» WHAT YOU NEED TO DO
Before copying, set aside the pictures; then restate exactly the lines from the one with "Toyota Hiace 2023 2023" through the last line of the records.

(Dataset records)
┄┄┄┄┄┄┄┄┄┄┄┄┄┄┄┄┄┄┄┄
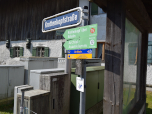 Wir spazieren weiter über die Krottenkopfstraße und die Schellenbergstraße ...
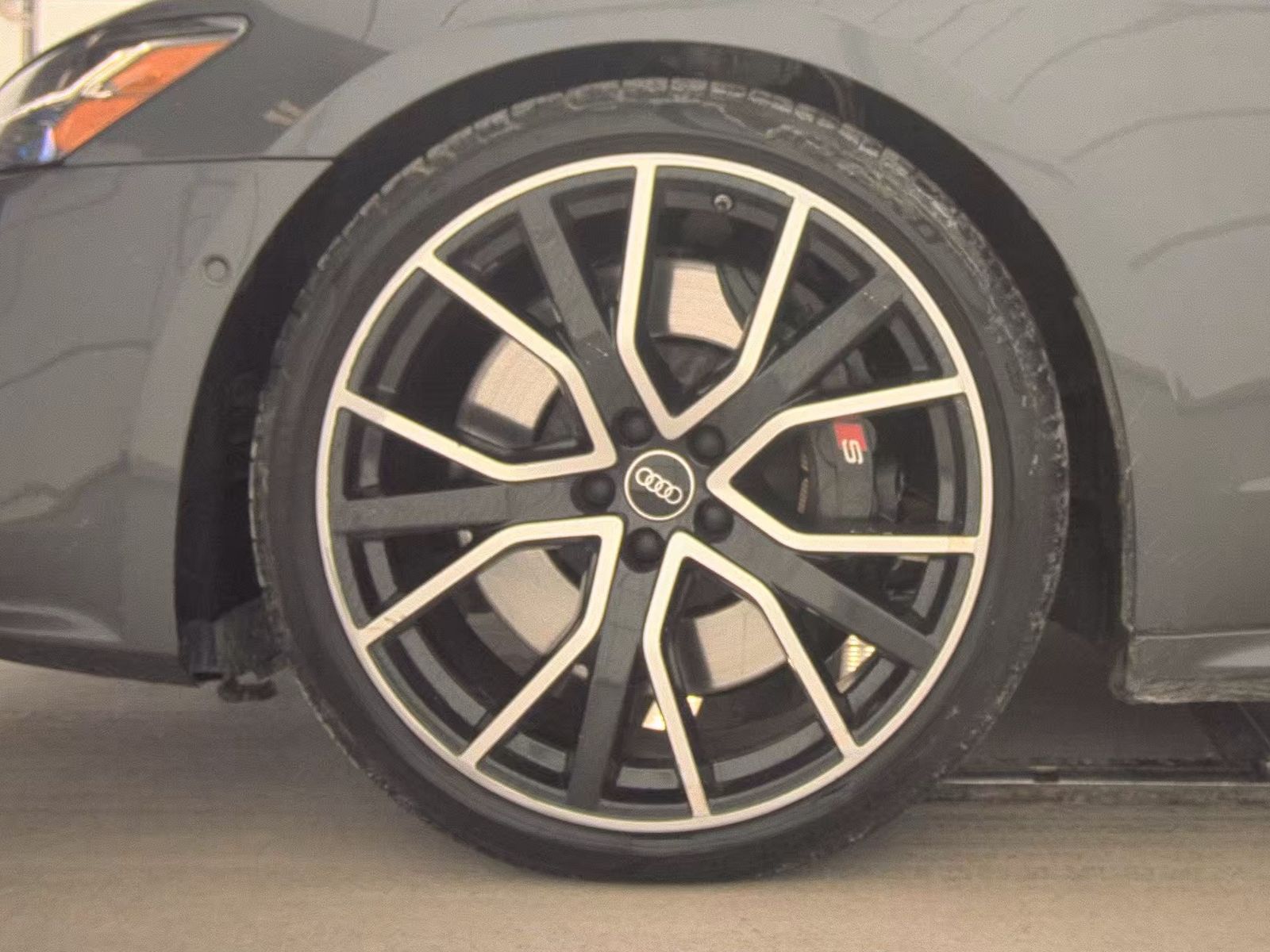 2022 Audi S7 Prestige AWD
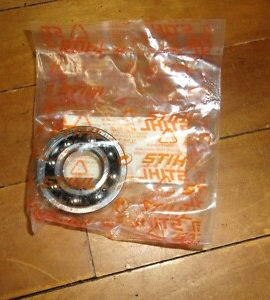 Crank Bearing Clutch 1124 9523 003 4386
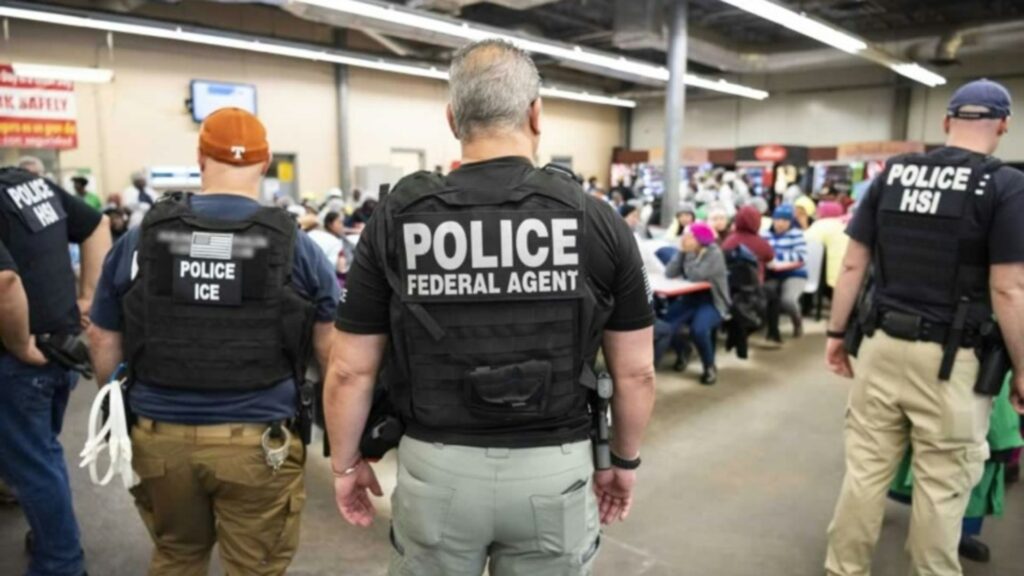 Alcalde de New Jersey denuncia «cacería de migrantes» sin orden judicial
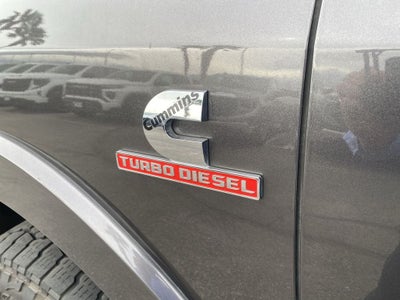 2021 RAM 2500 Laramie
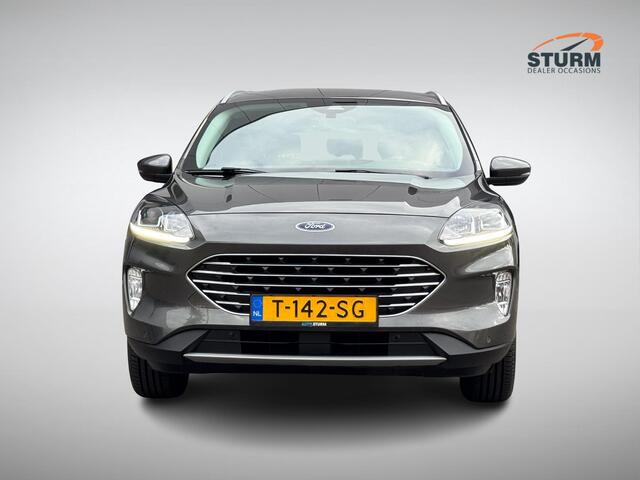 Ford KUGA 2.5 PHEV Titanium Trekhaak, NL-Auto Winter Pack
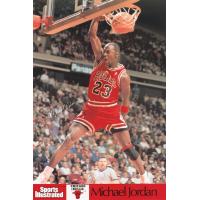 マイケル・ジョーダン ポスター／Michael Jordan NBAシカゴブルズ 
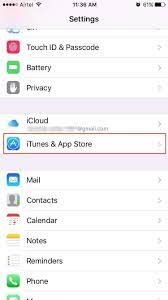 Settings can vary by phone. 3 Ways To Fix Cannot Connect To App Store On Iphone Ipad How To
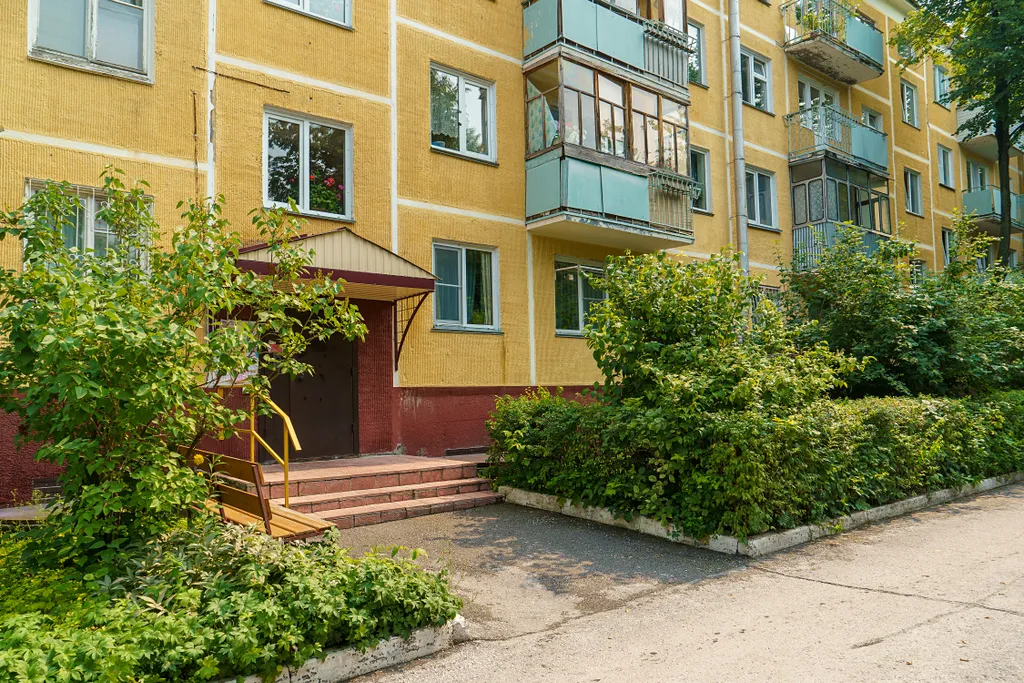 2-комнатная Квартира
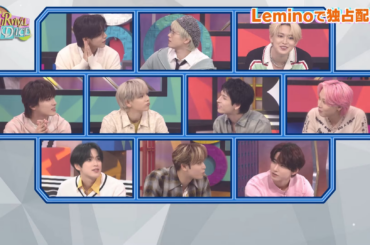 JO1's Survival Dice (Preview Video)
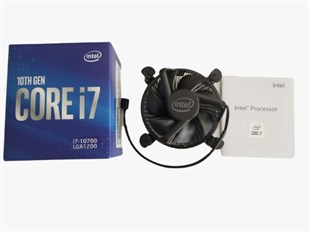 INTEL K69237 1150 /1151/1155 /1156/1200 90 MM / 4P PWM / Siyah CPU Fanı (TDP 65W)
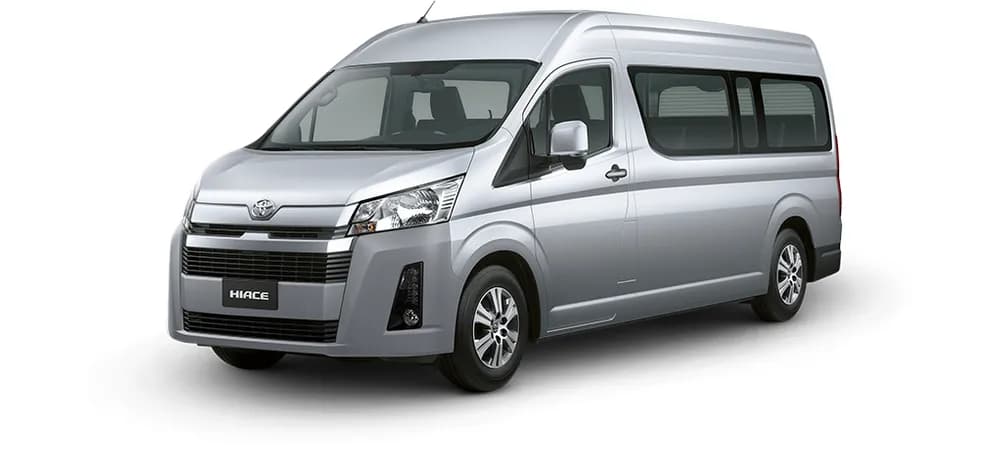 Toyota Hiace 2023 2023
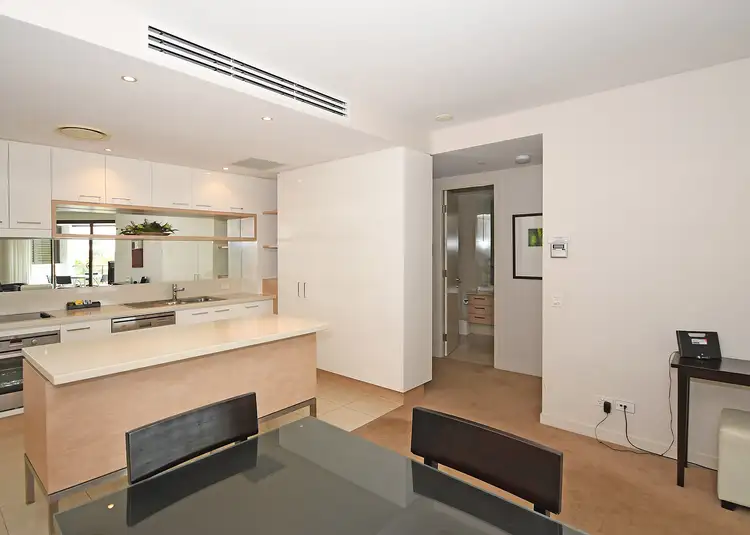 Third view of Homely unit listing, 407/468 Esplanade, Torquay QLD 4655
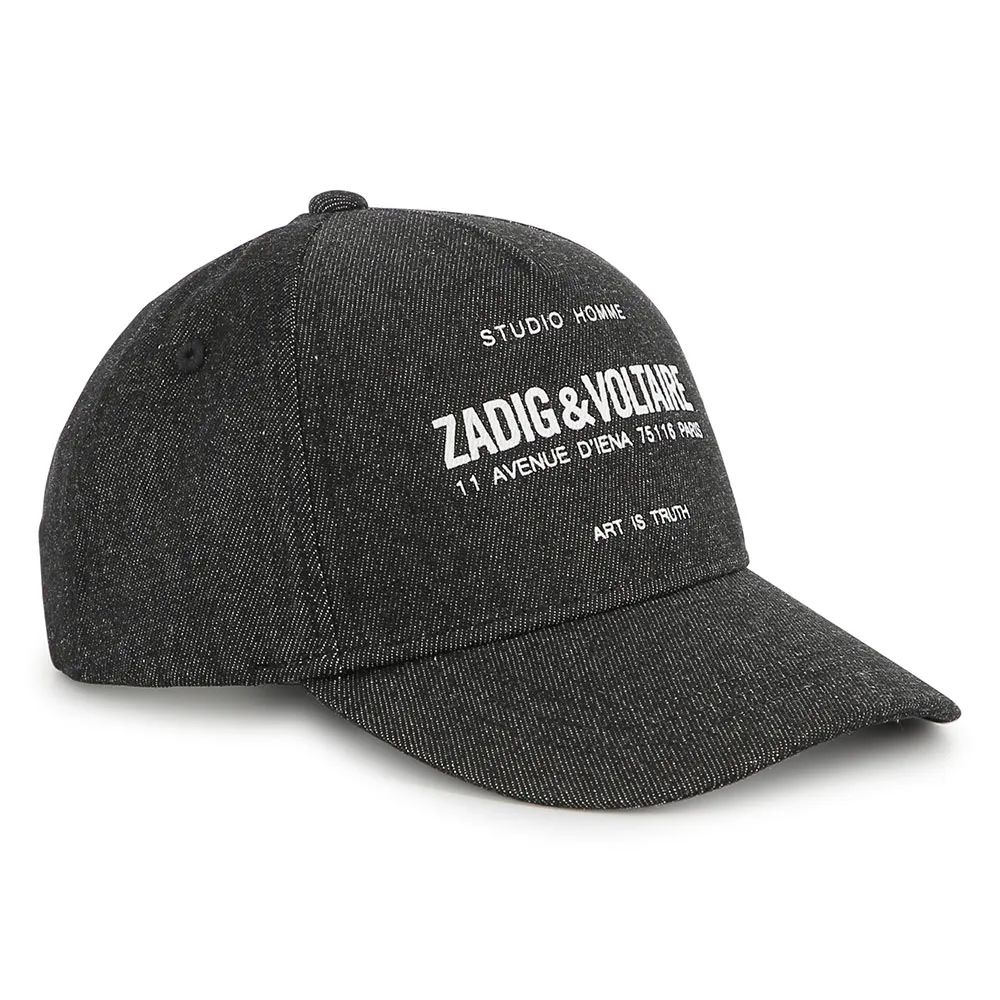 Zadig & Voltaire X60410 Kappe Zadig & Voltaire X60410 Kappe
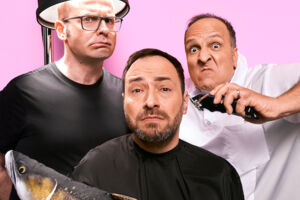 EURE MÜTTER - FRISCH FROMM FRISÖR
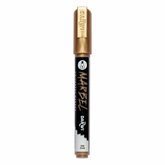 Darwi MARBEL Marker Goud 6 mm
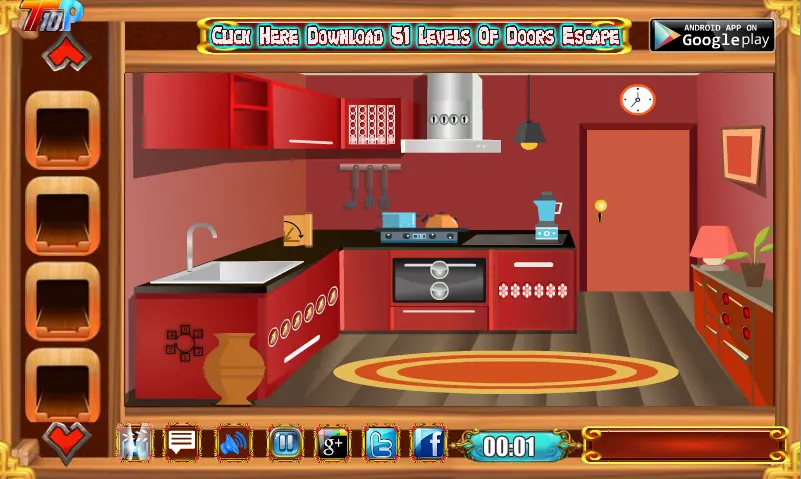 Doors Escape Level 42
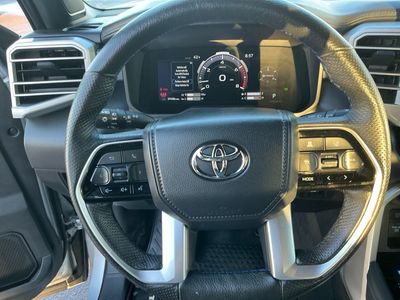 2023 Toyota Tundra 4WD - Photo 11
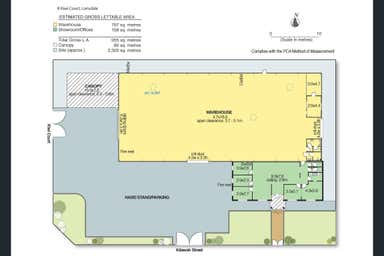 8 Kiwi Court Lonsdale SA 5160 - Floor Plan 1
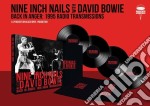 (LP Vinile) Nine Inch Nails & David Bowie - Back In Anger - The 1995 Radio Transmissions - St Louis, Mo 1995 (4 Lp)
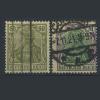 Почтовые марки. Германия. 1920 г. № 147, 150. 1920г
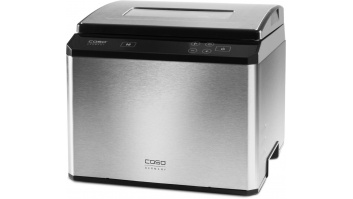 Caso | SV900 | 2000 W | Stainless steel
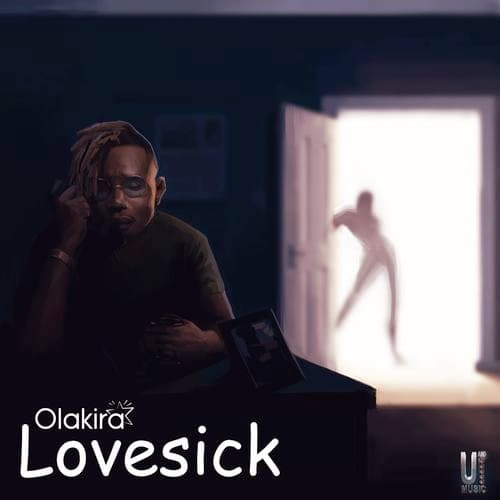 Album cover art for Lovesick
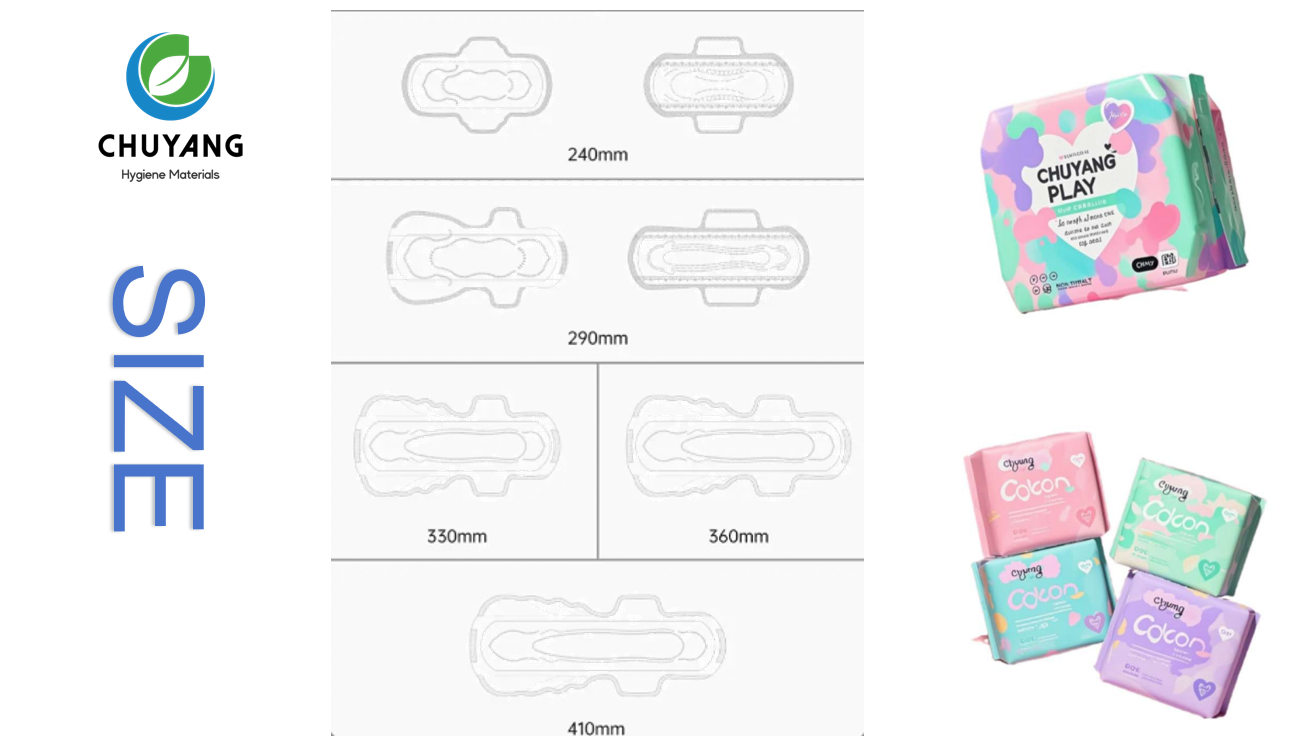 Portable Mini Pack Sanitary Napkin Ladies Disposable Ultra Thin Sanitary Pads Pocket package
┄┄┄┄┄┄┄┄┄┄┄┄┄┄┄┄┄┄┄┄
» ANSWER TO THE PROBLEM
 Toyota Hiace 2023 2023
 Third view of Homely unit listing, 407/468 Esplanade, Torquay QLD 4655
 Zadig & Voltaire X60410 Kappe Zadig & Voltaire X60410 Kappe
 EURE MÜTTER - FRISCH FROMM FRISÖR
 Darwi MARBEL Marker Goud 6 mm
 Doors Escape Level 42
 2023 Toyota Tundra 4WD - Photo 11
 8 Kiwi Court Lonsdale SA 5160 - Floor Plan 1
 (LP Vinile) Nine Inch Nails & David Bowie - Back In Anger - The 1995 Radio Transmissions - St Louis, Mo 1995 (4 Lp)
 Почтовые марки. Германия. 1920 г. № 147, 150. 1920г
 Caso | SV900 | 2000 W | Stainless steel
 Album cover art for Lovesick
 Portable Mini Pack Sanitary Napkin Ladies Disposable Ultra Thin Sanitary Pads Pocket package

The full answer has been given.